▶ [RECORD SET]
-=-=-=-=-

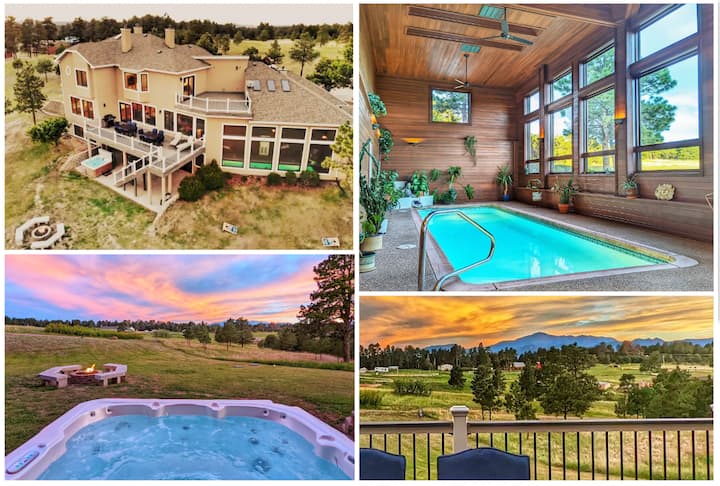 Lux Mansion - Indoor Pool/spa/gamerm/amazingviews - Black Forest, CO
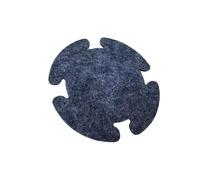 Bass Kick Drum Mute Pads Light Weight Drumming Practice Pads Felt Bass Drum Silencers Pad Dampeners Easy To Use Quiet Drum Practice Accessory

-=-=-=-=-

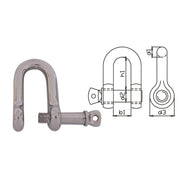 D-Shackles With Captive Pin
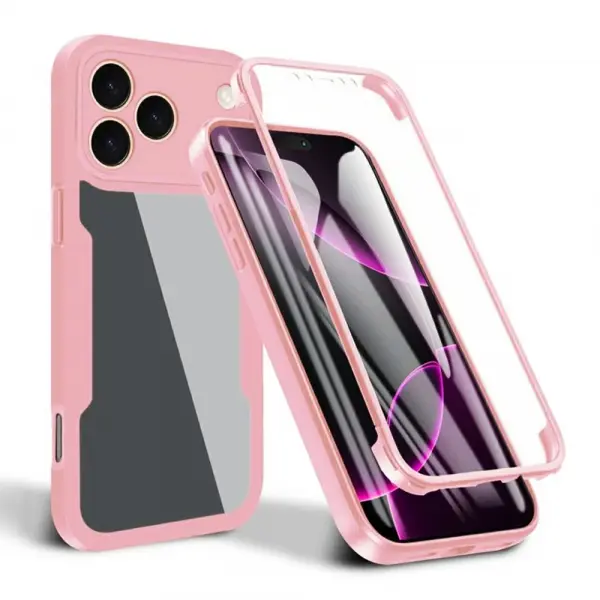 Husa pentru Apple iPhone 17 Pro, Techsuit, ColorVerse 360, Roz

-=-=-=-=-

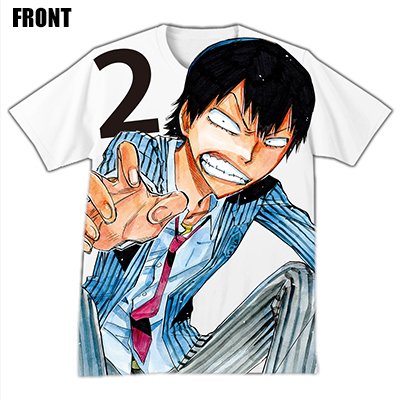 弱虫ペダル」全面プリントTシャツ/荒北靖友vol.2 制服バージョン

-=-=-=-=-

▶ [AIM OF THE TASK] Look above for the line with "Lux Mansion - Indoor" and copy exactly from it through the line with "Bass Kick Drum", both included. Omit the pictures.

▶ [RESULT]
 Lux Mansion - Indoor Pool/spa/gamerm/amazingviews - Black Forest, CO
 Bass Kick Drum Mute Pads Light Weight Drumming Practice Pads Felt Bass Drum Silencers Pad Dampeners Easy To Use Quiet Drum Practice Accessory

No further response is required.